Provided material below:

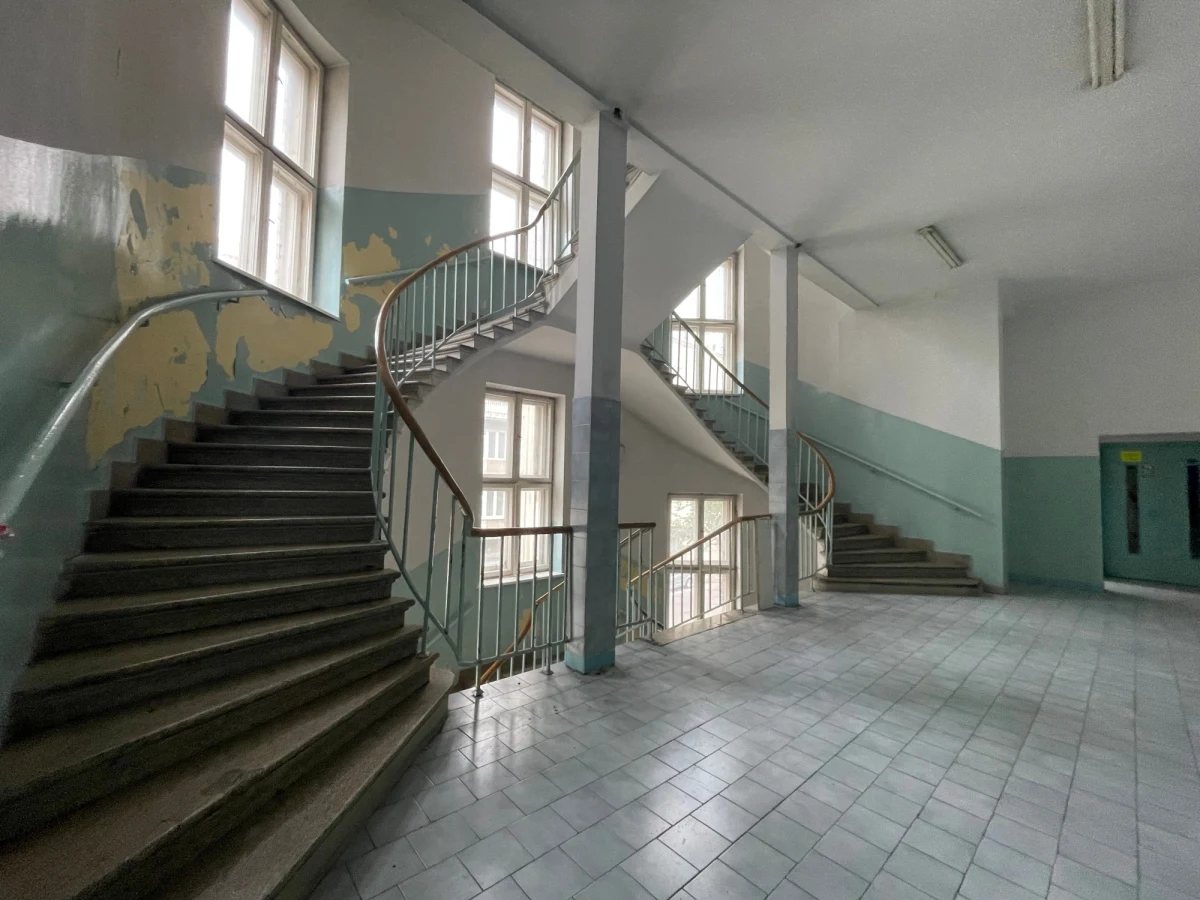 "Muzeum Getta Warszawskiego jest bardzo potrzebne, zwłaszcza w dzisiejszych czasach, gdy ciągle słyszymy słowa nienawiści" - mówił podczas przekazania placu budowy wykonawcy Albert Stankowski, dyrektor Muzeum. Poniedziałek to symboliczny dzień, w którym do budynków dawnego Szpitala Bersohnów i Baumanów wkraczają robotnicy. Muzeum ma być gotowe za dwa i pół roku.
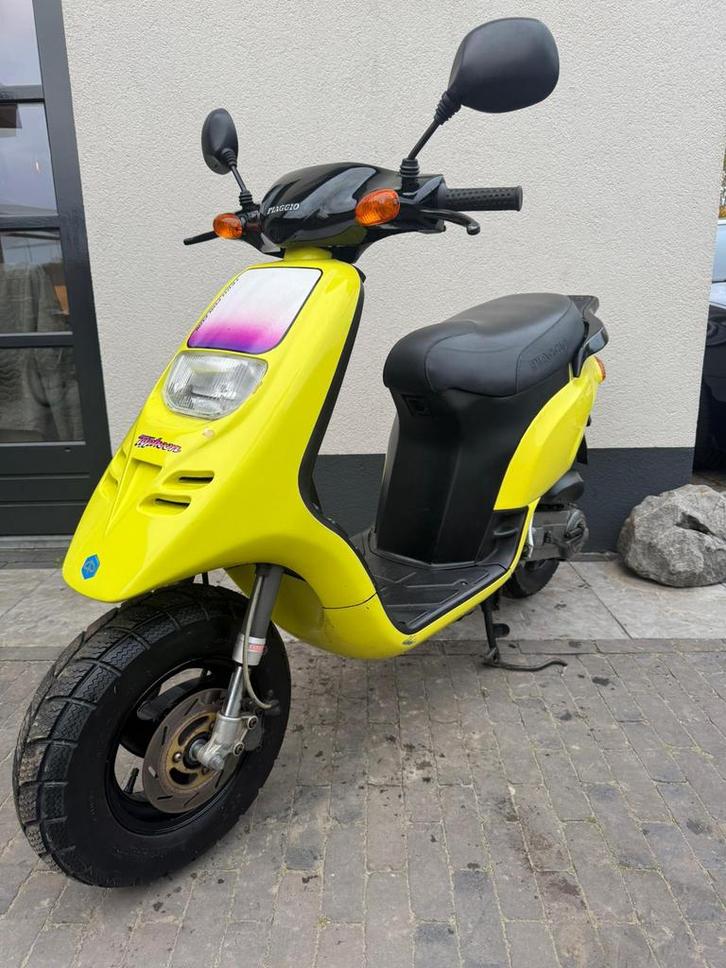 ⭐️Piaggio typhoon 50cc 2 takt Brom 16446 km Neon Geel⭐️, Fietsen en Brommers, Scooters | Overige merken, Zo goed als nieuw, Tweetakt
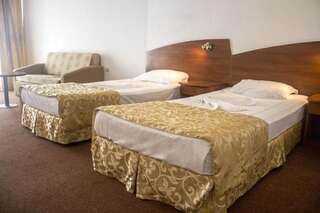 Отель Grand Hotel Sunny Beach - All Inclusive Солнечный Берег Двухместный номер с 1 кроватью или 2 отдельными кроватями и балконом (для 2 взрослых) - Все включено-1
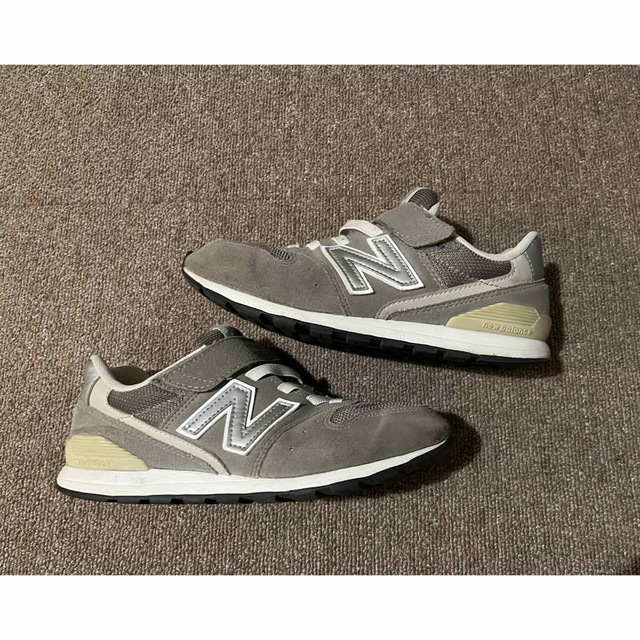 New Balance(ニューバランス)のニューバランス　996 22cm グレー　newbalance kv996cwy キッズ/ベビー/マタニティのキッズ靴/シューズ(15cm~)(その他)の商品写真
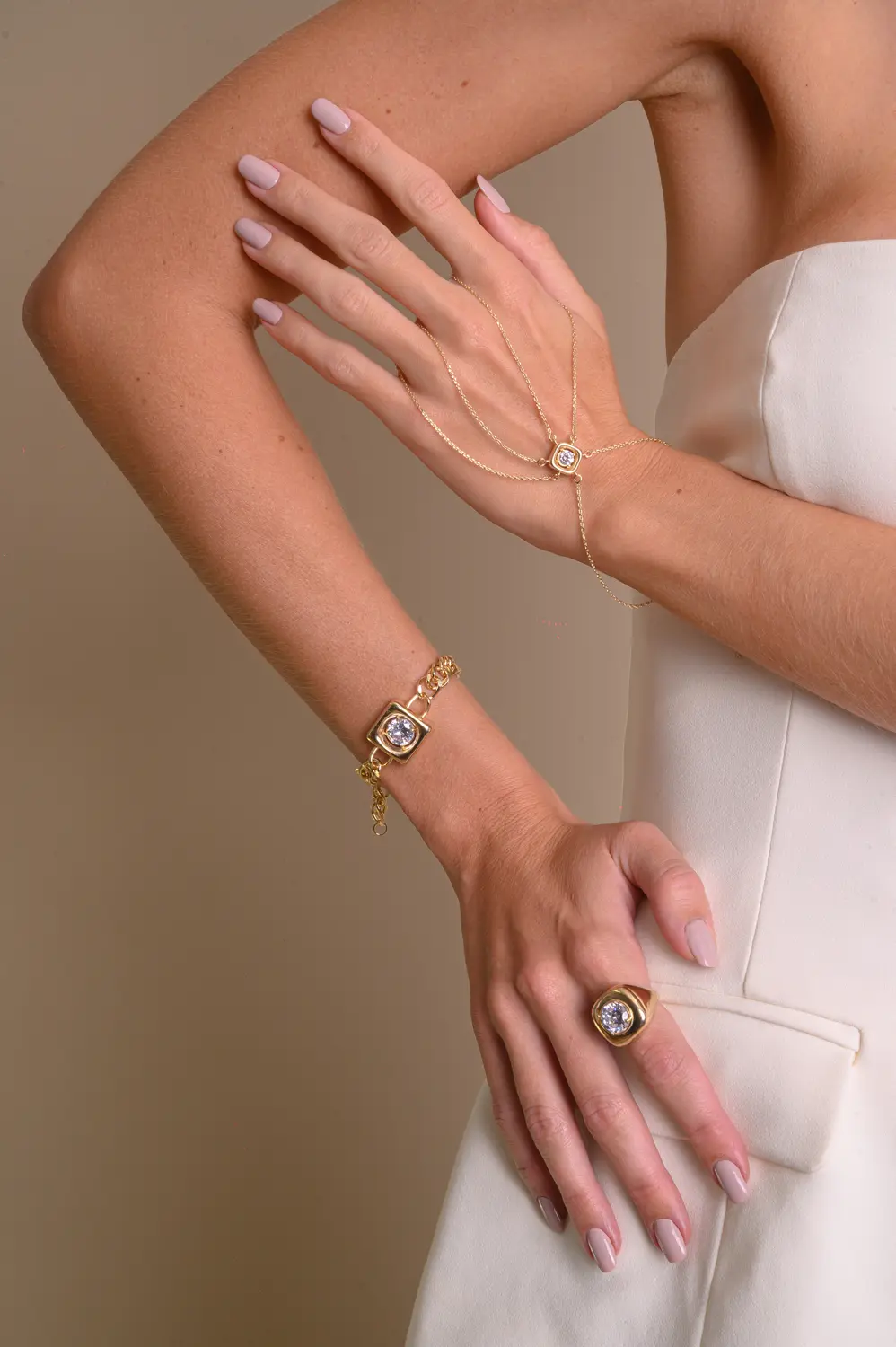 Pulseira Gota Conecta com Banho em Ouro 18k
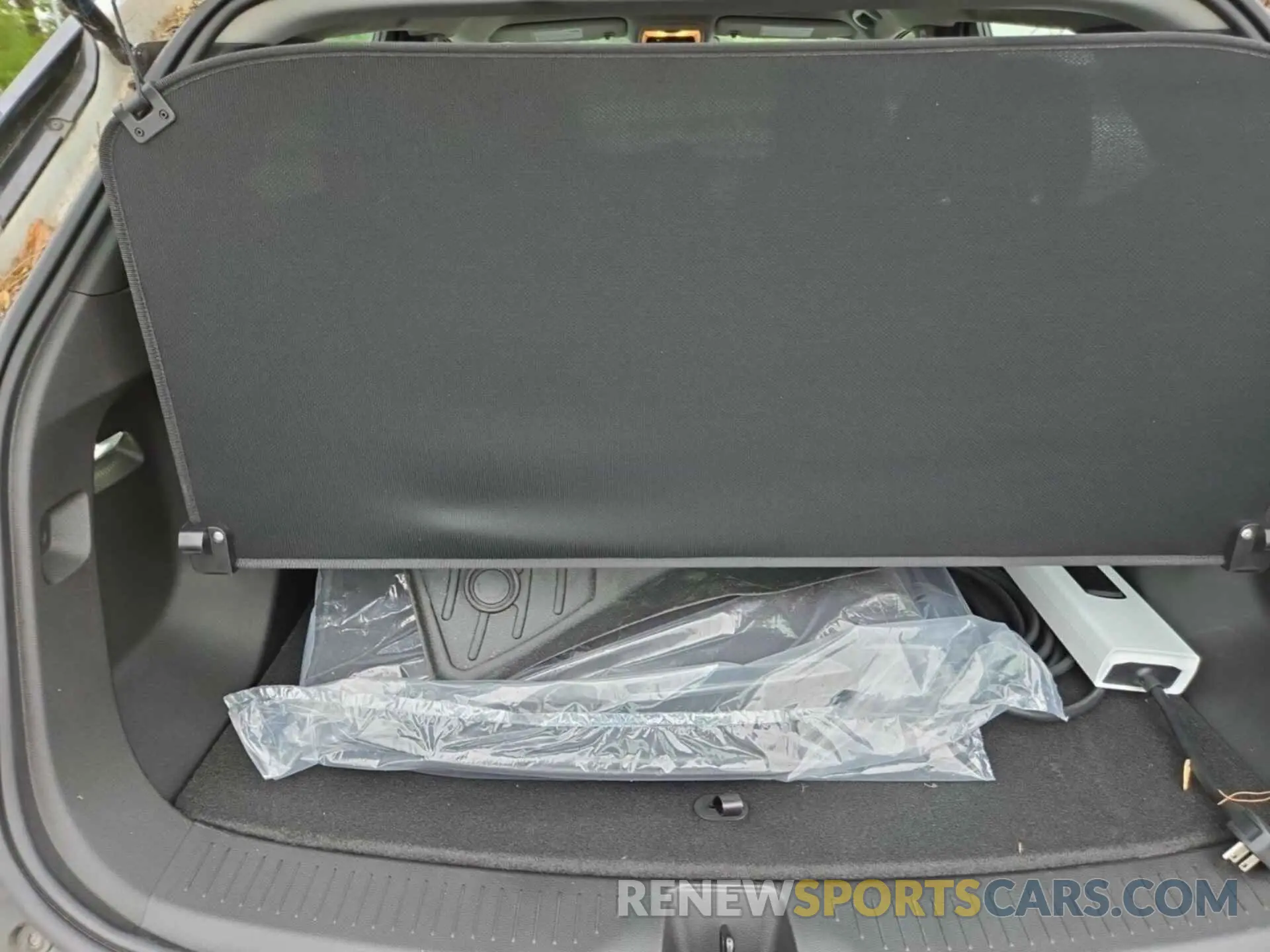 5 Photograph of a damaged car 1G1FY6S04N4117835 CHEVROLET BOLT EUV 2022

End of Provided material.

Work to be completed:
Quote each entry above verbatim and drop the pictures.

Your response:
 "Muzeum Getta Warszawskiego jest bardzo potrzebne, zwłaszcza w dzisiejszych czasach, gdy ciągle słyszymy słowa nienawiści" - mówił podczas przekazania placu budowy wykonawcy Albert Stankowski, dyrektor Muzeum. Poniedziałek to symboliczny dzień, w którym do budynków dawnego Szpitala Bersohnów i Baumanów wkraczają robotnicy. Muzeum ma być gotowe za dwa i pół roku.
 ⭐️Piaggio typhoon 50cc 2 takt Brom 16446 km Neon Geel⭐️, Fietsen en Brommers, Scooters | Overige merken, Zo goed als nieuw, Tweetakt
 Отель Grand Hotel Sunny Beach - All Inclusive Солнечный Берег Двухместный номер с 1 кроватью или 2 отдельными кроватями и балконом (для 2 взрослых) - Все включено-1
 New Balance(ニューバランス)のニューバランス　996 22cm グレー　newbalance kv996cwy キッズ/ベビー/マタニティのキッズ靴/シューズ(15cm~)(その他)の商品写真
 Pulseira Gota Conecta com Banho em Ouro 18k
 5 Photograph of a damaged car 1G1FY6S04N4117835 CHEVROLET BOLT EUV 2022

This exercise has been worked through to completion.